My point is that you've been trying, and you've kept putting up with his half-hearted changes. So what you've taught him is that you're not serious about how important this is to you. That he can just make some noise about changing, and you'll leave him alone for awhile. That you don't mean your threats and ultimatums, so he can ignore them.

I fully agree that you can't change someone if they're unwilling to change. Even more to the point, they can't just be WILLING to change, they have to WANT to change. Your husband hasn't reached that point because he hasn't had a big enough impact on his life to make change worthwhile. If you're not important enough to him, even your leaving him might not be a big enough impact. But if you've tried everything else, you have two choices. Get used to things the way they are, or make a change for yourself, like leaving him.

C
_Posted via Mobile Device_


----------



## alaskagirl (Aug 16, 2011)

Hi, I feel like we have very similar marriage issues. Your struggles must have started soon after you said I DO. My relationship with my husband changed after we got married. It seemed to me that instead of a wife he was looking for a mother figure. Im 6years older than he and in fact all his serious relationships have been with older women. He tells me he loves me but really it feels like he's saying I love you, I'm just not in love with you.

He's gone to counselling, he never wants me to go with. The doc also tested for and found low testosterone and that was corrected but we still have zero intimacy. 

I do things with him and encourage him to do the things he enjoys but when I'd ask him to follow through on the promise of a vacation he'd always say money was a problem. He recently bought himself a boat so money wasnt really the issue. 

He only promises to change when I'm at my breaking point but the change only lasts a short while and then he's back to the same old stuff. I have come to realize I'm not the girl for him. Its hard to move on, but I am so unhappy all the time now. I'm not even attracted to him anymore because he's cut me off for so long. My decision is to separate/divorce. Only you know what your heart wants and needs. It seems you've tried and have communicated your needs to him and still things havent changed.

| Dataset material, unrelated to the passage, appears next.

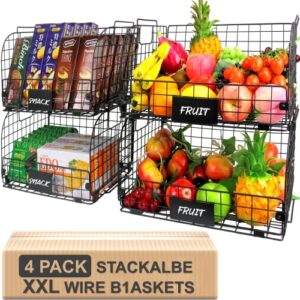 4 pack xxl kitchen organization and storage pantry baskets,fruit basket for kitchen cabinet,metal baskets for organizing,vegetable fruit snack chips onion potato cans organization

Marriage is hard. Knowing when to call it quits is even harder.


----------



## Runs like Dog (Feb 25, 2011)

What does that mean 'promises to change'? What's your commitment to change? Is it just about his disobedience?


----------



## alaskagirl (Aug 16, 2011)

I'm not sure exactly what you mean by "his disobedience" but my husband isnt subservient to me. I have been wanting and desiring change but one person cant do it. It takes two ppl. So i guess my commitment to change is now to remove myself from a harmful relationship.


----------



## Runs like Dog (Feb 25, 2011)

That was my only question. It seemed to me you had a great deal of expectation he would make most if not all the changes.


----------



## nolongerlove (Aug 15, 2011)

Alaska - 

Thanks for your kind words. It seems like you know exactly what I'm going through. Best of luck to you.


----------



## HardToPronounce (Sep 7, 2011)

I have been reading many posts in this section because my wife of 2 years has separated from me over a month ago, and I have been trying to gain a perspective by reading this forum.

Your situation, NoLongerLove, is similar in some ways to mine, so I feel compelled to respond to you. I will not get into many details about my situation, as this is about your relationship. My wife left "to figure things out", after over 6 months of MC. 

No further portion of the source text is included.